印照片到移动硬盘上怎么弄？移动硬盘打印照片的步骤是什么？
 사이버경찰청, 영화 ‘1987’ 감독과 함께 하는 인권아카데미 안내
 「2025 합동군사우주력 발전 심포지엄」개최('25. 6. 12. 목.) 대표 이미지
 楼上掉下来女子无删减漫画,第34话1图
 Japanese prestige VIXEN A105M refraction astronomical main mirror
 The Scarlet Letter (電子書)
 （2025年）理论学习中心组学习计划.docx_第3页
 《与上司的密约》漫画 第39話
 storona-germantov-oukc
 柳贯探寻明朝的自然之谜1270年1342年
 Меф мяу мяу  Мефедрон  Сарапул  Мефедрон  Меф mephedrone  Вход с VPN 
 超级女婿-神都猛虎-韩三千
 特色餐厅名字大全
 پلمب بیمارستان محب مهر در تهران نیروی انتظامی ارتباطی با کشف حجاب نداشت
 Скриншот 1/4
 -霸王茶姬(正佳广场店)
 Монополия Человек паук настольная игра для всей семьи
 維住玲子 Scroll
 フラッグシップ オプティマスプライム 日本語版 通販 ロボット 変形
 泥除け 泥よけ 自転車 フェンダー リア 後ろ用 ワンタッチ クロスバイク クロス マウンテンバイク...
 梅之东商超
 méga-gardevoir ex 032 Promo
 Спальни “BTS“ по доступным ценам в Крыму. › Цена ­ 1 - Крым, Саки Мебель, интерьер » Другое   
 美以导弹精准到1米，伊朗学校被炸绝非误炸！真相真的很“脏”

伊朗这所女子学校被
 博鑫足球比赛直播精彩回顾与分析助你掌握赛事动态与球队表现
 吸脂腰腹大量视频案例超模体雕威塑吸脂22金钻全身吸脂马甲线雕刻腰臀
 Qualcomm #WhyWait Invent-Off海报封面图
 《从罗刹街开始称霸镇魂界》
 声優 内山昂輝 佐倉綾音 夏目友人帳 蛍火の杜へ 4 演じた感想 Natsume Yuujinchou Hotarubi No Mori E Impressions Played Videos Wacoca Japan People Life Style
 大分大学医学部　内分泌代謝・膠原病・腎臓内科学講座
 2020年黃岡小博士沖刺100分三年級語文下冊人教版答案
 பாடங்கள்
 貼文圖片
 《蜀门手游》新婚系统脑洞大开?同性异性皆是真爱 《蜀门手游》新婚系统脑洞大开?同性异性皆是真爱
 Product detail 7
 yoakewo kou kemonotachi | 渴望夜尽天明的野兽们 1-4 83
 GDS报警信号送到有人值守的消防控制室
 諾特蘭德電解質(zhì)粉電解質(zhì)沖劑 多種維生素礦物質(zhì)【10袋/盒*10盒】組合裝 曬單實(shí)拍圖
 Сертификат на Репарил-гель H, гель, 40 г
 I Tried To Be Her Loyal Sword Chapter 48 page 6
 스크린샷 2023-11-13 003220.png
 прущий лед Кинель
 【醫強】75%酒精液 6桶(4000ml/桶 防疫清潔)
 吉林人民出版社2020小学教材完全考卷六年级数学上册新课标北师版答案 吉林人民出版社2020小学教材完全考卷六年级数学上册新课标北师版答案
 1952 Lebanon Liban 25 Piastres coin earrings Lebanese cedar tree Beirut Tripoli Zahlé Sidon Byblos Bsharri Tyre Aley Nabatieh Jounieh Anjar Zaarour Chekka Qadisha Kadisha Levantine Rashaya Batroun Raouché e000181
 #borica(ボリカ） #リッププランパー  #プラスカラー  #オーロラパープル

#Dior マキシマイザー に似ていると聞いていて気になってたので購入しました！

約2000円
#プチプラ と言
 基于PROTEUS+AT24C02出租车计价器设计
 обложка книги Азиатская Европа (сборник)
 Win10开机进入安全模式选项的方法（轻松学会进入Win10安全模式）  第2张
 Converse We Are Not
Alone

* AIM OF THE EXERCISE *
Output each line of the material exactly as it was written above.

* RESULT OF THIS EXERCISE *
印照片到移动硬盘上怎么弄？移动硬盘打印照片的步骤是什么？
 사이버경찰청, 영화 ‘1987’ 감독과 함께 하는 인권아카데미 안내
 「2025 합동군사우주력 발전 심포지엄」개최('25. 6. 12. 목.) 대표 이미지
 楼上掉下来女子无删减漫画,第34话1图
 Japanese prestige VIXEN A105M refraction astronomical main mirror
 The Scarlet Letter (電子書)
 （2025年）理论学习中心组学习计划.docx_第3页
 《与上司的密约》漫画 第39話
 storona-germantov-oukc
 柳贯探寻明朝的自然之谜1270年1342年
 Меф мяу мяу  Мефедрон  Сарапул  Мефедрон  Меф mephedrone  Вход с VPN 
 超级女婿-神都猛虎-韩三千
 特色餐厅名字大全
 پلمب بیمارستان محب مهر در تهران نیروی انتظامی ارتباطی با کشف حجاب نداشت
 Скриншот 1/4
 -霸王茶姬(正佳广场店)
 Монополия Человек паук настольная игра для всей семьи
 維住玲子 Scroll
 フラッグシップ オプティマスプライム 日本語版 通販 ロボット 変形
 泥除け 泥よけ 自転車 フェンダー リア 後ろ用 ワンタッチ クロスバイク クロス マウンテンバイク...
 梅之东商超
 méga-gardevoir ex 032 Promo
 Спальни “BTS“ по доступным ценам в Крыму. › Цена ­ 1 - Крым, Саки Мебель, интерьер » Другое   
 美以导弹精准到1米，伊朗学校被炸绝非误炸！真相真的很“脏”

伊朗这所女子学校被
 博鑫足球比赛直播精彩回顾与分析助你掌握赛事动态与球队表现
 吸脂腰腹大量视频案例超模体雕威塑吸脂22金钻全身吸脂马甲线雕刻腰臀
 Qualcomm #WhyWait Invent-Off海报封面图
 《从罗刹街开始称霸镇魂界》
 声優 内山昂輝 佐倉綾音 夏目友人帳 蛍火の杜へ 4 演じた感想 Natsume Yuujinchou Hotarubi No Mori E Impressions Played Videos Wacoca Japan People Life Style
 大分大学医学部　内分泌代謝・膠原病・腎臓内科学講座
 2020年黃岡小博士沖刺100分三年級語文下冊人教版答案
 பாடங்கள்
 貼文圖片
 《蜀门手游》新婚系统脑洞大开?同性异性皆是真爱 《蜀门手游》新婚系统脑洞大开?同性异性皆是真爱
 Product detail 7
 yoakewo kou kemonotachi | 渴望夜尽天明的野兽们 1-4 83
 GDS报警信号送到有人值守的消防控制室
 諾特蘭德電解質(zhì)粉電解質(zhì)沖劑 多種維生素礦物質(zhì)【10袋/盒*10盒】組合裝 曬單實(shí)拍圖
 Сертификат на Репарил-гель H, гель, 40 г
 I Tried To Be Her Loyal Sword Chapter 48 page 6
 스크린샷 2023-11-13 003220.png
 прущий лед Кинель
 【醫強】75%酒精液 6桶(4000ml/桶 防疫清潔)
 吉林人民出版社2020小学教材完全考卷六年级数学上册新课标北师版答案 吉林人民出版社2020小学教材完全考卷六年级数学上册新课标北师版答案
 1952 Lebanon Liban 25 Piastres coin earrings Lebanese cedar tree Beirut Tripoli Zahlé Sidon Byblos Bsharri Tyre Aley Nabatieh Jounieh Anjar Zaarour Chekka Qadisha Kadisha Levantine Rashaya Batroun Raouché e000181
 #borica(ボリカ） #リッププランパー  #プラスカラー  #オーロラパープル

#Dior マキシマイザー に似ていると聞いていて気になってたので購入しました！

約2000円
#プチプラ と言
 基于PROTEUS+AT24C02出租车计价器设计
 обложка книги Азиатская Европа (сборник)
 Win10开机进入安全模式选项的方法（轻松学会进入Win10安全模式）  第2张
 Converse We Are Not
Alone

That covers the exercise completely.